New Art, Song of the Vineyard
Jamie and I stopped by the little country store for a donut after we dropped Chloe off to her piano lesson. We were greeted by a lot full of marked down pumpkins and mums – the last fruits of fall. Last week, it had been a happy surprise to find the pumpkins for only $2 each. Today, I found it rather sad to come upon this forgotten lot of browning, rotting, dying things. Because of what they signal ahead.
Winter is coming….again. The waiting season when everything lies dormant beneath the freeze. The season with cold so bitter we forget the sweet promise of spring. But life does return in due season.
There is going to be fruit where we can only see decay.
God promises restoration in our lives like that of the changing seasons. He promises growth and new life in places we’ve only experienced as broken and barren. God sent the prophet Isaiah to His people Israel with this promise in a song:
“I will sing for the one I love a song about His vineyard: My loved one had a vineyard on a fertile hillside. He dug it up and cleared it of stones and planted it with the choicest vines. He built a watchtower in it….then He looked for a crop of good grapes, but it yielded only bad fruit” (Isaiah 5:1-2).
One bad apple spoils the bunch. Israel could not produce good fruit. Is there any good that can come from this land? From these people? The Lord inquires, “What more could have been done for my vineyard?” (Isaiah 5:4). Did the Lord’s own mighty, outstretched arm not bring them up from slavery, and provide all those years in the desert? The Lord Himself led them by cloud and pillar of fire, daily closer to the promised land, with its giant-sized fruits, flowing with milk and honey. But the majority only saw giant barriers – too big to believe God, and His promised harvest.
The thorns of Sovereign circumstance so embittered the Israelites that they forgot the God who cares for them. The Gardener of the Vineyard who tenderly prunes us toward fruit-bearing glory (John 15). In the trampled wastelands, they lost the hope of spring.
There is a similar story of redemption in the book of Hosea. In fact, restoration is the story of the Bible. Every prophet of every age has told and re-told this story. Because it is God’s story, and we are His vineyard. I have particularly taken to heart the account in Hosea, because I am a lot like Gomer – the woman in the story who was Hosea’s wife.
Gomer had led a sinful life. She was unfaithful and bore illegitimate children. God called Hosea to marry her, and to take her back again and again in her infidelity. Their union was a picture how God is with us. There are seasons of brokenness and devastation, but all for the purpose of bringing us back to Him. We see this pattern in Gomer’s life, “I will make her like a desert, turn her into a parched land, and slay her with thirst…..I will block her path with thorn bushes; I will wall her in so that she cannot find her way” (Hosea 2:3, 6).

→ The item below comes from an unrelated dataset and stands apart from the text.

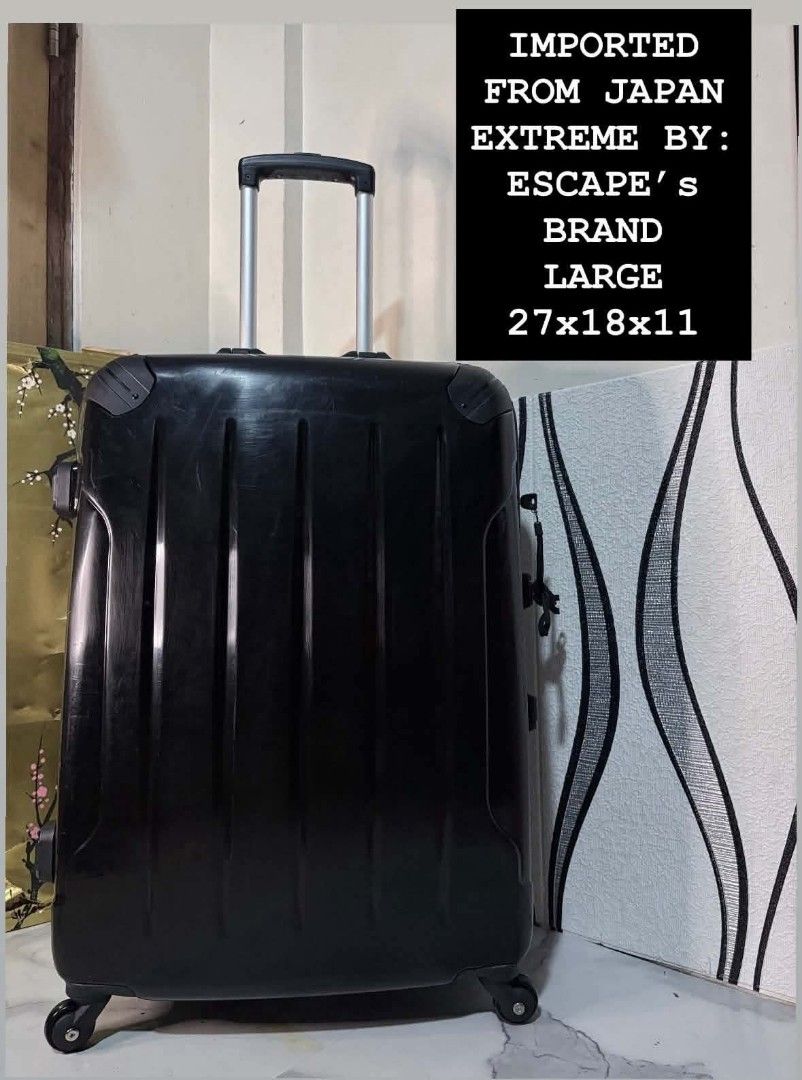 Extreme by escapes (Category: Luggage) located in Manila. Submitted by jzjapansurplus (Listing ID 1460918830, Image 1). Description: 🇯🇵IMPORTED FROM JAPAN ORIGINAL ESCAPES BRAND LARGE SIZE LUGGAGE🇯🇵 🎯 TSA APPROVED KEY LOCK 🎯 CLIP TYPE - ZIPPERLESS 🎯 PUSH HANDLE TROLLEY 🎯 SMOOTH 360 WHEELS ROTATION 🎯 TOP AND SIDE HANDLE CARRY 🎯 DURABLE CASE 🎯 WIDE SPACE CAPACITY NO ISSUE.. MINIMAL MARK OF USAGE ONLY‼️.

God makes promises to Gomer; not only for herself, but for her children too (See Hosea chapter 2). He describes times of punishment, but with the promise of restoration. “Therefore I am now going to allure her; I will lead her into the desert and speak tenderly to her. There I will give her back her vineyards, and will make the Valley of Achor a door of hope” (Hosea 2:14, 15).
Achor means trouble, and Gomer has been living in the valley of it. Her life choices have caught up with her, and she painfully sees them playing out in her own life, and in the lives of her children. She is walled in on every side by the thorns of circumstance, and her children are lost. Here, in the wilderness of her life, God promises He will give her back her vineyard.

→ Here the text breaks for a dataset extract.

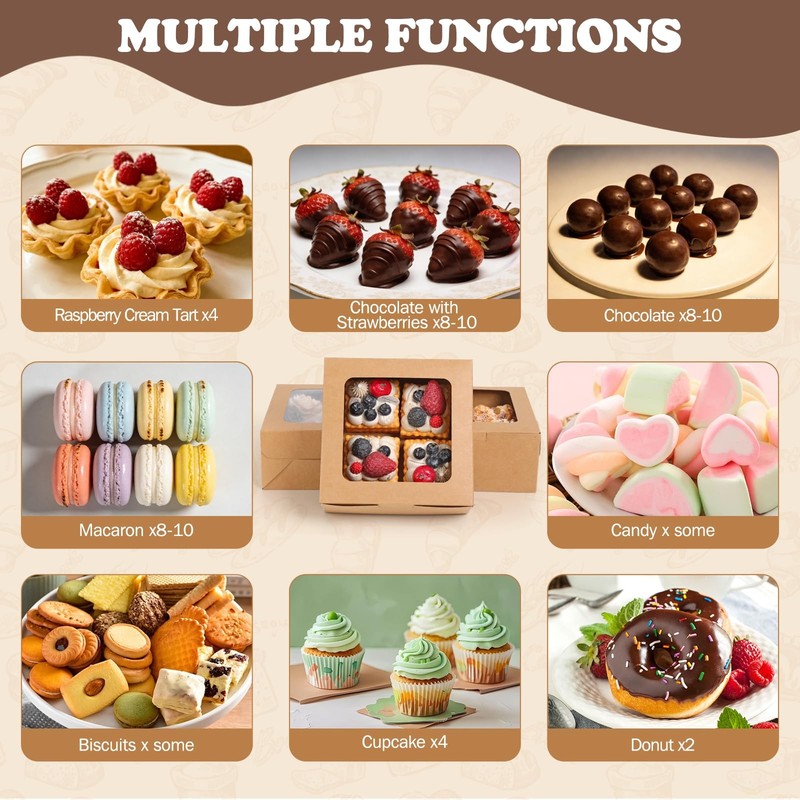 50 PCS Cupcake Boxes with Window, 6.3x6.3x3 Inch Cookie Boxes, Brown Bakery C... gallery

She and her children will be restored.
This is the promise I hang on to every day. I cling to the knowledge that God is tending His vineyard, and everything He allows to happen in life is moving us toward restoration. There is going to be fruit where we can only see dead things. This is the song of the vineyard, and I will sing it for the One I love. Even as I walk through the wintry valley of the shadow of death with trouble on every side. Even there will I sing in the rooted hope of spring- the eternal fruit of a heart set on things above.
“In that day…declares the Lord,
“I will plant her for myself in the land”(Hosea 2:23).
“I chose you and appointed you to go and bear fruit – fruit that will last” (John 15:16).